Data in this exercise

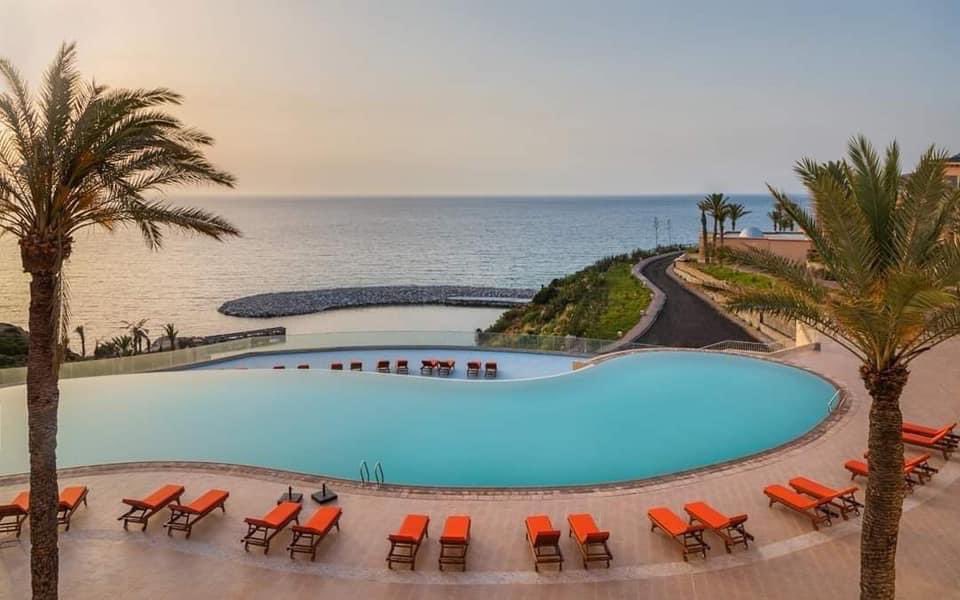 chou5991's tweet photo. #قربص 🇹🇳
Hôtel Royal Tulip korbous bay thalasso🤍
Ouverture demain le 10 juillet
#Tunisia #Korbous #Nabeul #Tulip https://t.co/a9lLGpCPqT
...
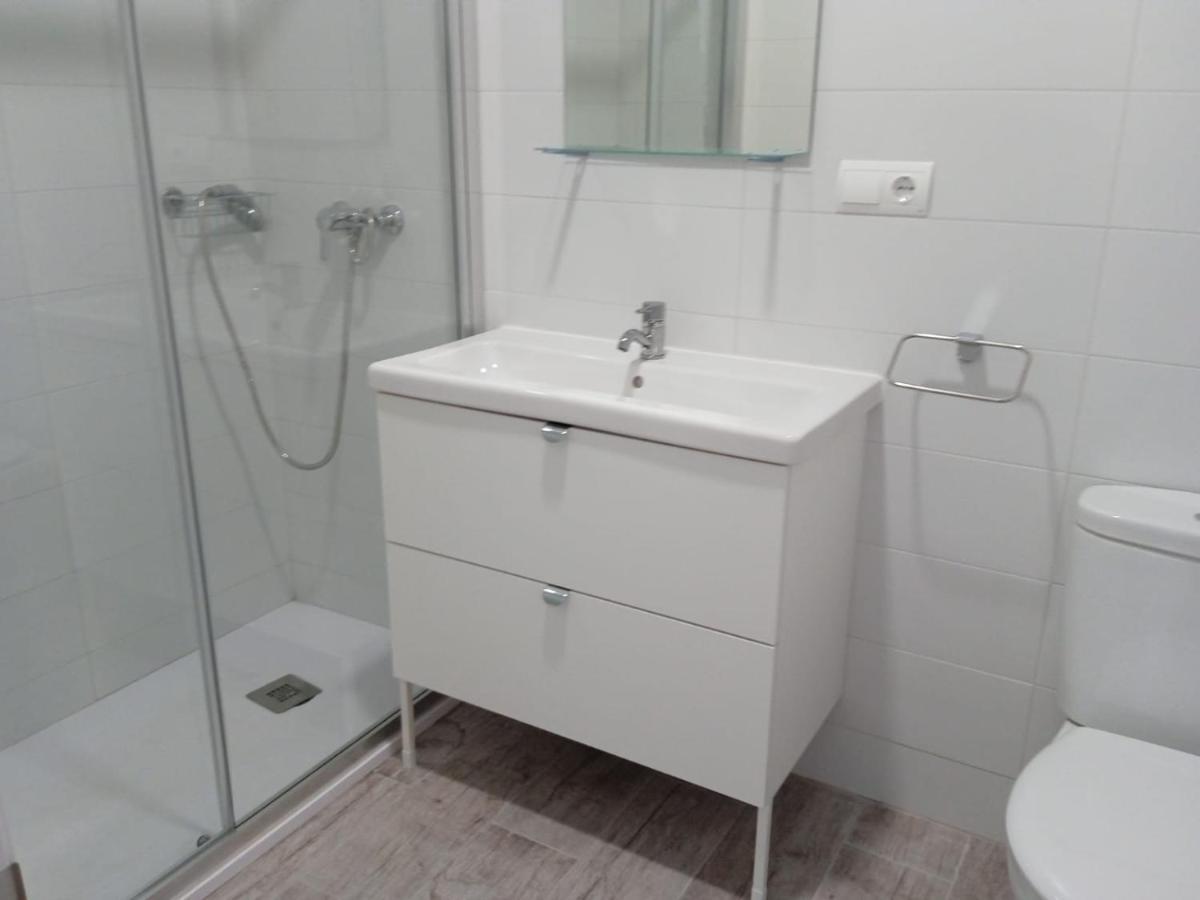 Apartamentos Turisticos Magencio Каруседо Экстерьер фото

Exercise goal
Across the entries above, work out how many lines include the string "Tulip", and report only that figure.

Answer box
2